▶ [Work required]: Your response should contain only the lines running from the top of the data below through the line with "une salle de", both included. Pictures must be omitted.

▶ [Excerpted data]:
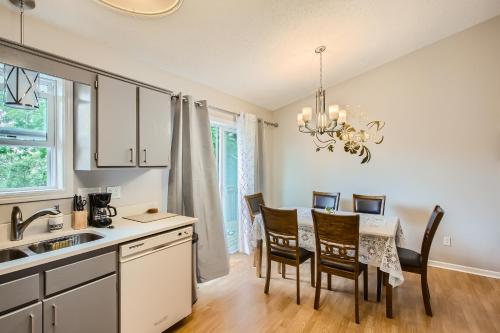 a kitchen and dining room with a table and chairs at 4bd Central Location - Patio - Games in Ramsey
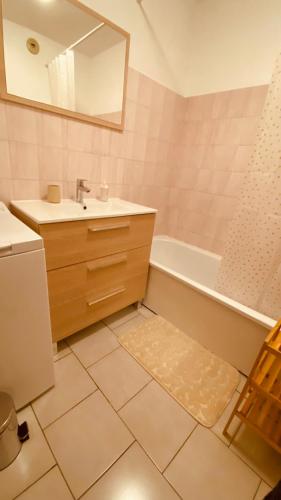 une salle de bain avec un lavabo, une baignoire et un miroir dans l'établissement Cosy 3pièces à 5min de la plage, à Cannes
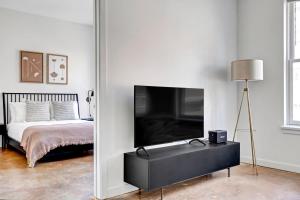 a bedroom with a bed and a tv in a room at Jersey City 1BR w Elevator WD quiet street NYC-729 in Jersey City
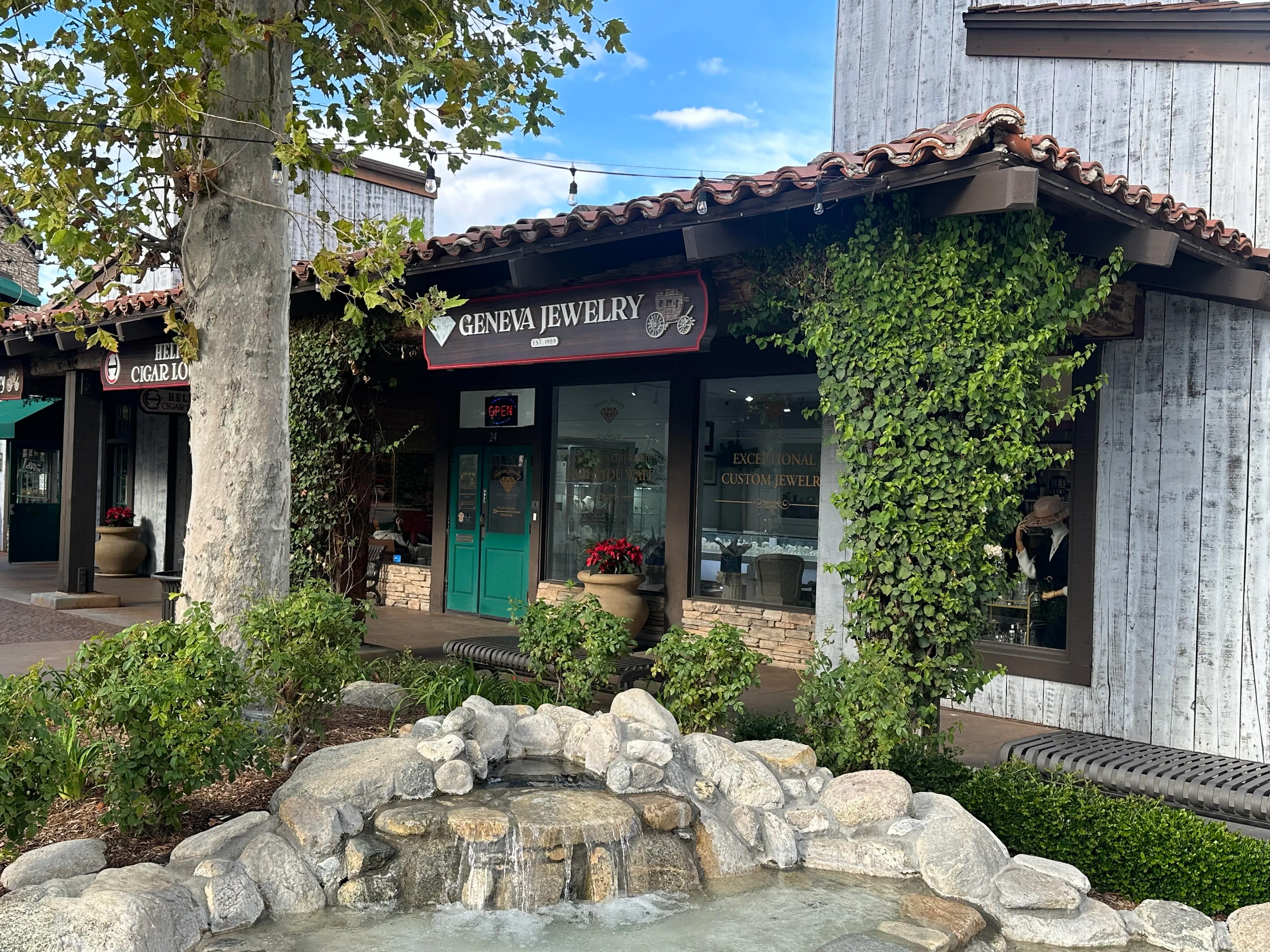 Geneva Jewelry storefront in Riverside, featuring a fountain and greenery, with an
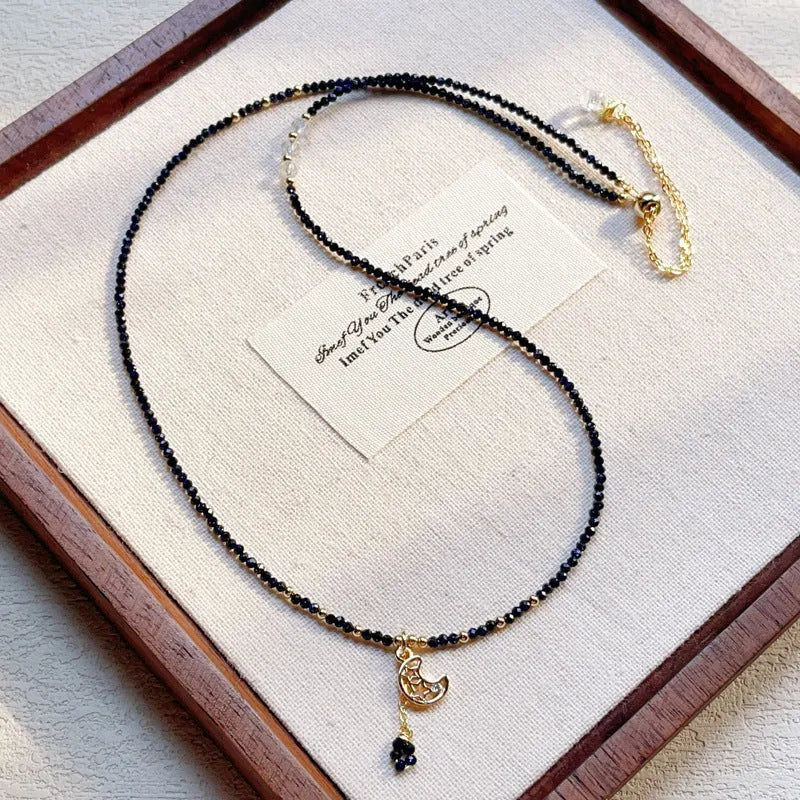 Blue sand stone three-ring multi-layer bracelet for women on a wrist.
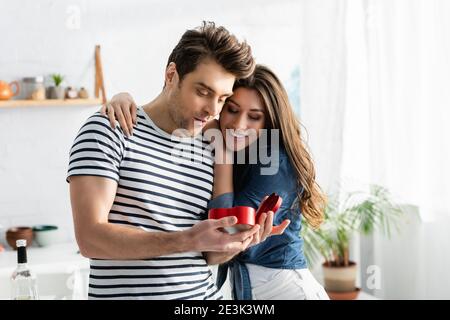 surprised man looking at heart-shaped gift box near happy girlfriend Stock Photo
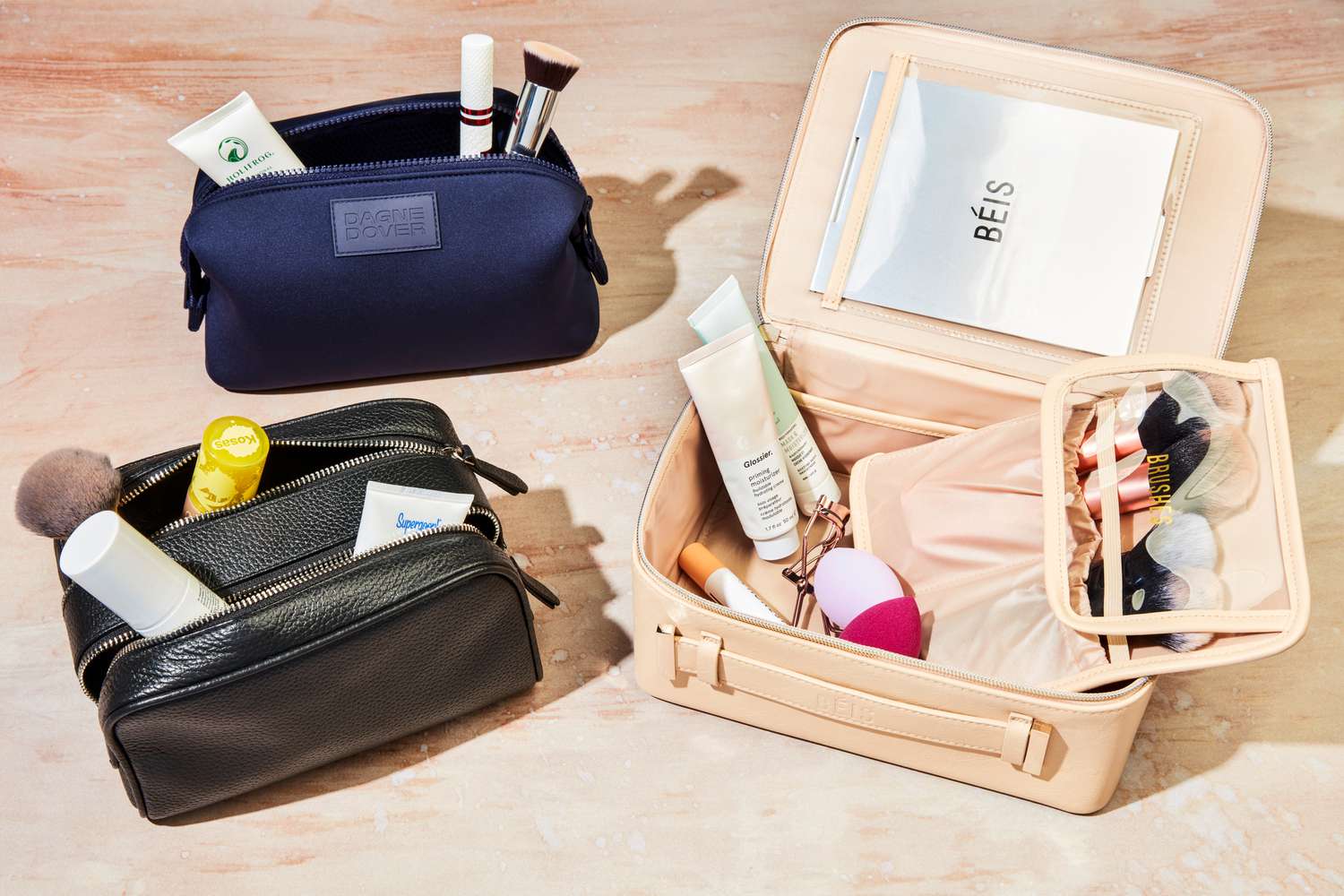 Three makeup bags sitting on a counter with makeup products inside them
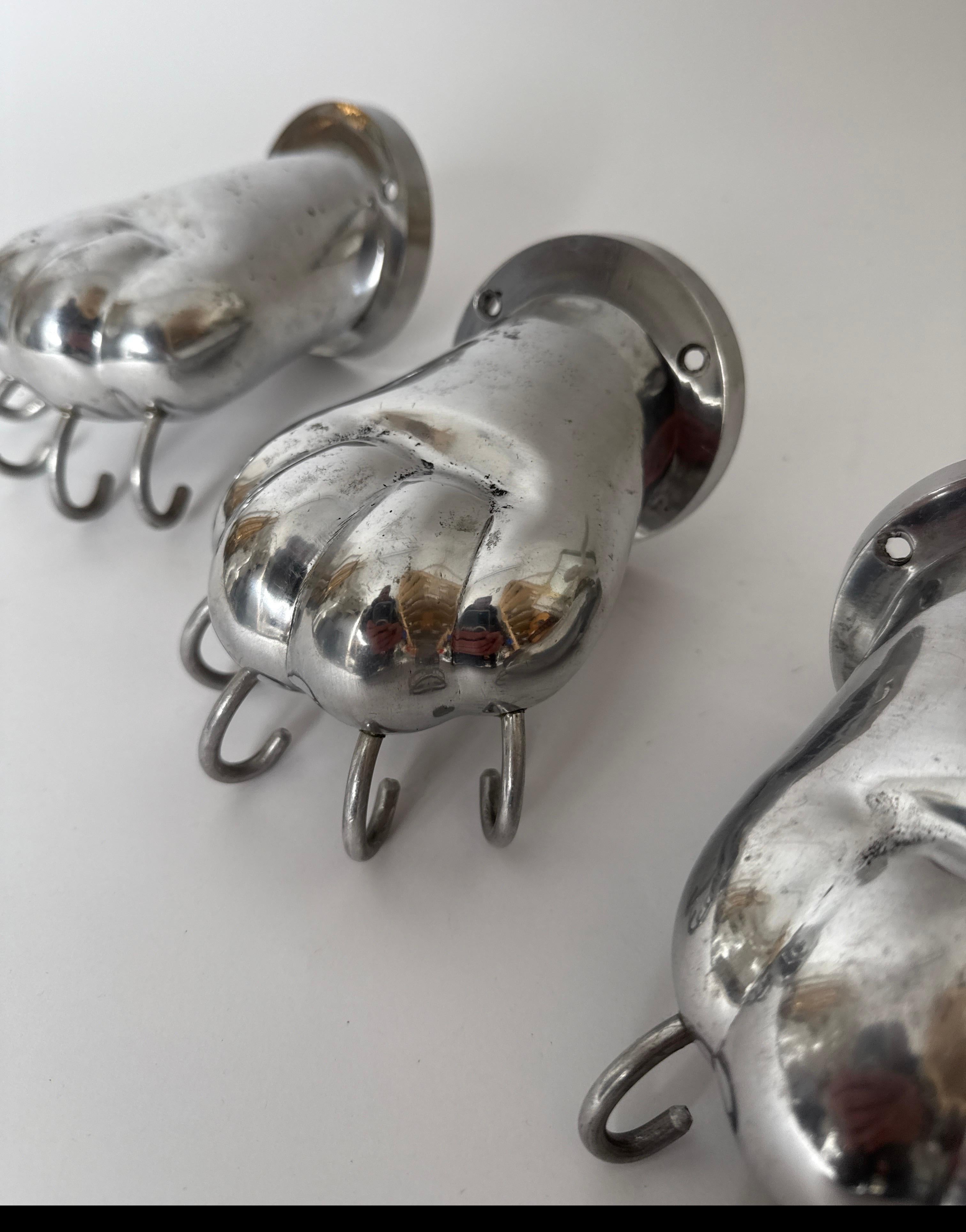 Cast Set of three Towel Holders in the shape of Lion Paws made of Polished Aluminum For Sale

▶ [Your response]:
 a kitchen and dining room with a table and chairs at 4bd Central Location - Patio - Games in Ramsey
 une salle de bain avec un lavabo, une baignoire et un miroir dans l'établissement Cosy 3pièces à 5min de la plage, à Cannes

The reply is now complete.